[Dataset records]

****

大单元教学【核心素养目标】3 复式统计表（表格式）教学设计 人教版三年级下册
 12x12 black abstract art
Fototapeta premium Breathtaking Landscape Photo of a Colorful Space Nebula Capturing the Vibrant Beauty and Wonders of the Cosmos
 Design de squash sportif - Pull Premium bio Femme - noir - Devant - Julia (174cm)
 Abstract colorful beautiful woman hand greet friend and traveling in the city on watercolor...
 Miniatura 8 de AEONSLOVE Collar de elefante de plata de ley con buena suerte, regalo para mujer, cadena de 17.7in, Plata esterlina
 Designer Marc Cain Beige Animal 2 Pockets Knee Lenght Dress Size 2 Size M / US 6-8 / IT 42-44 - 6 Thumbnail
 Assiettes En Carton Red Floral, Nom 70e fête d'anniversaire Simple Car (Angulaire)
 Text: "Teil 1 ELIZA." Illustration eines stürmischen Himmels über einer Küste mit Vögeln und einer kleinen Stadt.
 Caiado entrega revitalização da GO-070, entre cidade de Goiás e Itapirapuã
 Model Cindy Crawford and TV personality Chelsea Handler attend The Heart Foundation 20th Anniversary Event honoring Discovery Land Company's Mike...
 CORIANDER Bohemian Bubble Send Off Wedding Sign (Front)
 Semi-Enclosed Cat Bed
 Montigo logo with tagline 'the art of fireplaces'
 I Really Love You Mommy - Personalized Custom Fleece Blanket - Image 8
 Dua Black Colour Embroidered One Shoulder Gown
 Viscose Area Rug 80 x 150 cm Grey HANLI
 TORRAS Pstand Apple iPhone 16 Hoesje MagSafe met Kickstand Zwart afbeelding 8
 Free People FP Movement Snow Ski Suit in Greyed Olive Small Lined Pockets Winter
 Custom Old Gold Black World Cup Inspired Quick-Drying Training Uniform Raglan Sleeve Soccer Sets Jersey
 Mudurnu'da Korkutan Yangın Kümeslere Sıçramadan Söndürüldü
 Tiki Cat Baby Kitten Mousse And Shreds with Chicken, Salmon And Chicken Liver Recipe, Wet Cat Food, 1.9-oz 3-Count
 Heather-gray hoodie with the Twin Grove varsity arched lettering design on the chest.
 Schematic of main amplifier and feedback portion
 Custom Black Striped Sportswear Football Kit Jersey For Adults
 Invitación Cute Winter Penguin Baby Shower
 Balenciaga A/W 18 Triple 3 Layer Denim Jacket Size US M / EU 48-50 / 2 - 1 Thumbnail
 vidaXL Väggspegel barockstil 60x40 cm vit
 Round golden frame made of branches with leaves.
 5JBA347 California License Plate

****

- **What you need to do**
Each entry must appear in the reply exactly as written.

- **Reply to the exercise**
大单元教学【核心素养目标】3 复式统计表（表格式）教学设计 人教版三年级下册
 12x12 black abstract art
Fototapeta premium Breathtaking Landscape Photo of a Colorful Space Nebula Capturing the Vibrant Beauty and Wonders of the Cosmos
 Design de squash sportif - Pull Premium bio Femme - noir - Devant - Julia (174cm)
 Abstract colorful beautiful woman hand greet friend and traveling in the city on watercolor...
 Miniatura 8 de AEONSLOVE Collar de elefante de plata de ley con buena suerte, regalo para mujer, cadena de 17.7in, Plata esterlina
 Designer Marc Cain Beige Animal 2 Pockets Knee Lenght Dress Size 2 Size M / US 6-8 / IT 42-44 - 6 Thumbnail
 Assiettes En Carton Red Floral, Nom 70e fête d'anniversaire Simple Car (Angulaire)
 Text: "Teil 1 ELIZA." Illustration eines stürmischen Himmels über einer Küste mit Vögeln und einer kleinen Stadt.
 Caiado entrega revitalização da GO-070, entre cidade de Goiás e Itapirapuã
 Model Cindy Crawford and TV personality Chelsea Handler attend The Heart Foundation 20th Anniversary Event honoring Discovery Land Company's Mike...
 CORIANDER Bohemian Bubble Send Off Wedding Sign (Front)
 Semi-Enclosed Cat Bed
 Montigo logo with tagline 'the art of fireplaces'
 I Really Love You Mommy - Personalized Custom Fleece Blanket - Image 8
 Dua Black Colour Embroidered One Shoulder Gown
 Viscose Area Rug 80 x 150 cm Grey HANLI
 TORRAS Pstand Apple iPhone 16 Hoesje MagSafe met Kickstand Zwart afbeelding 8
 Free People FP Movement Snow Ski Suit in Greyed Olive Small Lined Pockets Winter
 Custom Old Gold Black World Cup Inspired Quick-Drying Training Uniform Raglan Sleeve Soccer Sets Jersey
 Mudurnu'da Korkutan Yangın Kümeslere Sıçramadan Söndürüldü
 Tiki Cat Baby Kitten Mousse And Shreds with Chicken, Salmon And Chicken Liver Recipe, Wet Cat Food, 1.9-oz 3-Count
 Heather-gray hoodie with the Twin Grove varsity arched lettering design on the chest.
 Schematic of main amplifier and feedback portion
 Custom Black Striped Sportswear Football Kit Jersey For Adults
 Invitación Cute Winter Penguin Baby Shower
 Balenciaga A/W 18 Triple 3 Layer Denim Jacket Size US M / EU 48-50 / 2 - 1 Thumbnail
 vidaXL Väggspegel barockstil 60x40 cm vit
 Round golden frame made of branches with leaves.
 5JBA347 California License Plate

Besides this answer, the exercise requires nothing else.